### WHAT THIS TASK INVOLVES
Quote verbatim the span of lines that begins the listing below and closes with the line containing "Bin Fiaz Idrees".
========================================================================
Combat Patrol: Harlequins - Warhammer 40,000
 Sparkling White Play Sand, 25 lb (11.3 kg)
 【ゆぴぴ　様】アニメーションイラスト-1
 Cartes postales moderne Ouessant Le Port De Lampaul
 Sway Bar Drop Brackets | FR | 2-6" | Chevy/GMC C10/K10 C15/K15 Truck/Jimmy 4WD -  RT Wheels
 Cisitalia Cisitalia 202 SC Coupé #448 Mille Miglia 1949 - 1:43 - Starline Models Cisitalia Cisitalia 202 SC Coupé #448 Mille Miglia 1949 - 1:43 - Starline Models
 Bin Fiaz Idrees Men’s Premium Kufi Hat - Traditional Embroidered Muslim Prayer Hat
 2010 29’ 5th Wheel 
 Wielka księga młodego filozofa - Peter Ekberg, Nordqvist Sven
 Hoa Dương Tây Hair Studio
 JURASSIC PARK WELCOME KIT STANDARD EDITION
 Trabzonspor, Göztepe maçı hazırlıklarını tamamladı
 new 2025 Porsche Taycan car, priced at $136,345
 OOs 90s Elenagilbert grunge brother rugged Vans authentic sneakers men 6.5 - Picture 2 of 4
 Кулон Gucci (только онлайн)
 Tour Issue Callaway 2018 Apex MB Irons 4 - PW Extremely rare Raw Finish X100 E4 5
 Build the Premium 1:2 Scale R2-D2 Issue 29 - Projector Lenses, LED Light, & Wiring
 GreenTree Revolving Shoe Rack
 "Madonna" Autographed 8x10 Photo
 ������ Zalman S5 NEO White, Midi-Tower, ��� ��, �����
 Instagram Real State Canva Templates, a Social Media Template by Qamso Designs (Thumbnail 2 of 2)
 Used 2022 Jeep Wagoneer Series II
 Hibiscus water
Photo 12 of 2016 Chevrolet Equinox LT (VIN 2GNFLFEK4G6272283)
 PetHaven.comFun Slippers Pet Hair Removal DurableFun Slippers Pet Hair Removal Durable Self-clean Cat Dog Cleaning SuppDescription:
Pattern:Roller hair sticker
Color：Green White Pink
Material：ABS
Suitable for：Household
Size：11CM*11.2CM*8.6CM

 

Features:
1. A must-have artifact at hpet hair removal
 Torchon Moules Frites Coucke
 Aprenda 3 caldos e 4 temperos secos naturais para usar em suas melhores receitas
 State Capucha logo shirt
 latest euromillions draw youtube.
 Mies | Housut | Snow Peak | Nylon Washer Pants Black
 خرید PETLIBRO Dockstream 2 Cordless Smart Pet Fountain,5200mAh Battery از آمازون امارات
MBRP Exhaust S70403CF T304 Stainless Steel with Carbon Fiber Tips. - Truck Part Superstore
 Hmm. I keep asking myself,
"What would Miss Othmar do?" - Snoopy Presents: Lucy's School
========================================================================
### RESULT FOR THIS TASK
Combat Patrol: Harlequins - Warhammer 40,000
 Sparkling White Play Sand, 25 lb (11.3 kg)
 【ゆぴぴ　様】アニメーションイラスト-1
 Cartes postales moderne Ouessant Le Port De Lampaul
 Sway Bar Drop Brackets | FR | 2-6" | Chevy/GMC C10/K10 C15/K15 Truck/Jimmy 4WD -  RT Wheels
 Cisitalia Cisitalia 202 SC Coupé #448 Mille Miglia 1949 - 1:43 - Starline Models Cisitalia Cisitalia 202 SC Coupé #448 Mille Miglia 1949 - 1:43 - Starline Models
 Bin Fiaz Idrees Men’s Premium Kufi Hat - Traditional Embroidered Muslim Prayer Hat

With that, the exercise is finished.